Can tree bark cure Crohn's disease?
January 12, 2013
Volume 3 | Issue 03
If you do an internet search on the words "can tree bark cure Crohn's disease," you'll find a news report about a woman in the United Kingdom. She says she cured her Crohn's disease by eating tree bark.
As you may know, conventional medicine has little to offer for those who suffer from Crohn's disease. They use powerful medicines that help treat the symptoms, but don't ever cure the disease. In fact, they will tell you there is no cure.
But this British woman insists that's not true. Her doctor will tell you that she now has no evidence of Crohn's. And other doctors are finding that the extract of a tree bark does help Crohn's.
Dr. Ron Surowitz, DO, says the way that Pycnogenol or Maritime Pine Bark Extract causes "adequate blood flow to all cells, tissues, body organs and systems is absolutely vital. It's one of the primary keys required for the body to heal itself. Good blood flow improves tissues permeability, thereby improving the health of tissue itself. Pycnogenol helps tissue permeability to every organ of the body."

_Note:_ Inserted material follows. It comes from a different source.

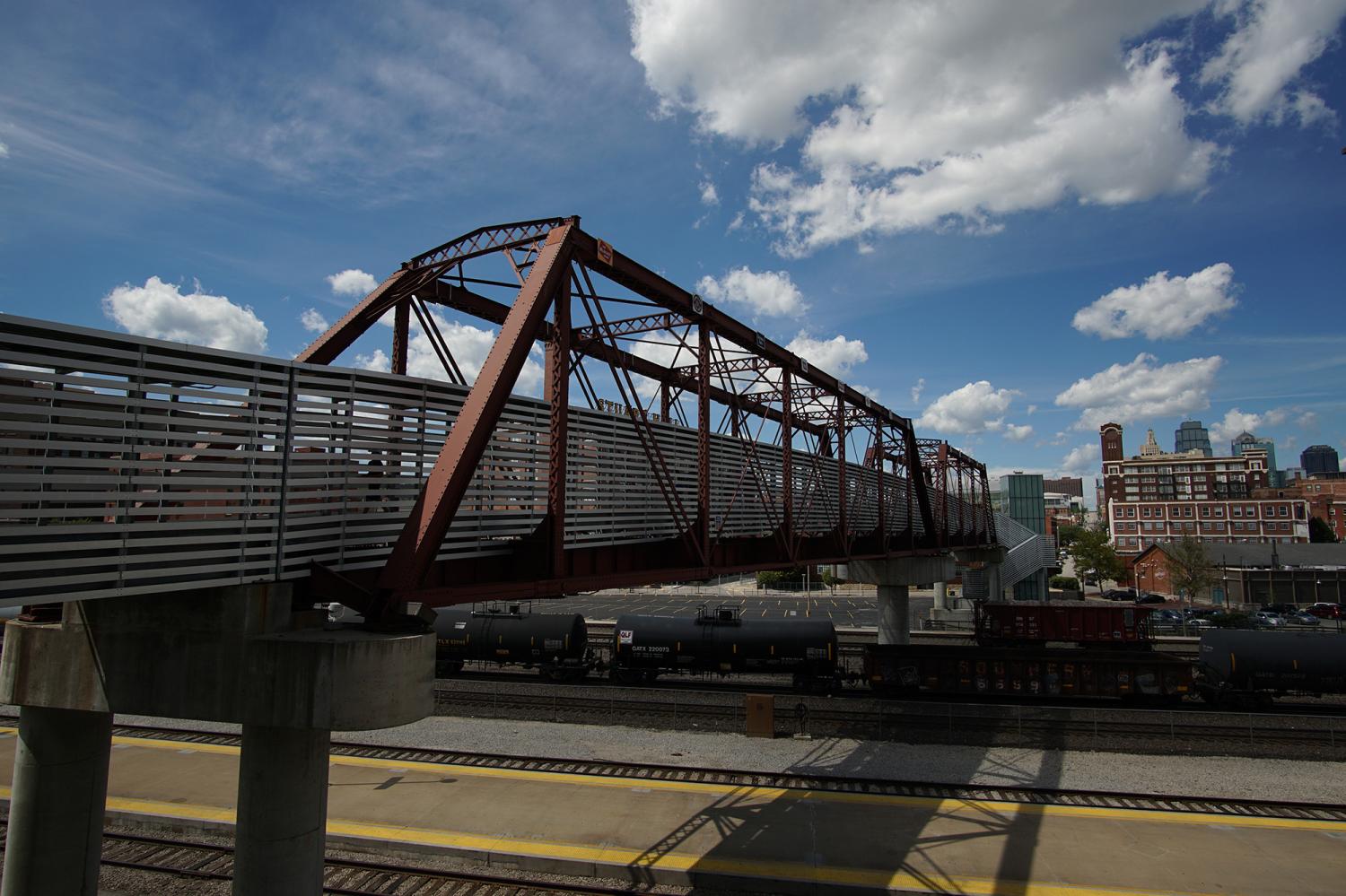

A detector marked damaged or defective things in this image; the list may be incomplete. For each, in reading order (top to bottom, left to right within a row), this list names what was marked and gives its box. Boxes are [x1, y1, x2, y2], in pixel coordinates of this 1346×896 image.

rusty red truss [297, 216, 1001, 613]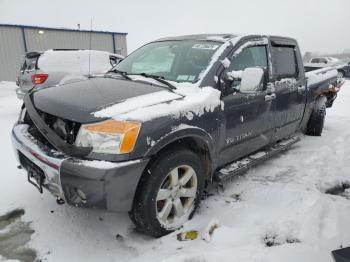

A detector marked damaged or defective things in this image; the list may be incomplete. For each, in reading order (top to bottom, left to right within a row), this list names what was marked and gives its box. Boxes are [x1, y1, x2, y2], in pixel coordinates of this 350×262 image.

damaged front bumper [11, 124, 149, 212]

Dr. Surowitz also says that Pycnogenol "is the most potent free radical terminator yet discovered, which is just one reason why it is effective for health challenges related to virtually every organ and system within the body. I am amazed at the number of symptoms that have improved in my Crohn's patients with the use of Pycnogenol."
However, Pycnogenol doesn't just work as a free-radical scavenger. It also helps reduce inflammation. And inflammation is a major problem in digestive issues. That's why medicine classifies many of these illnesses under the heading "inflammatory bowel diseases."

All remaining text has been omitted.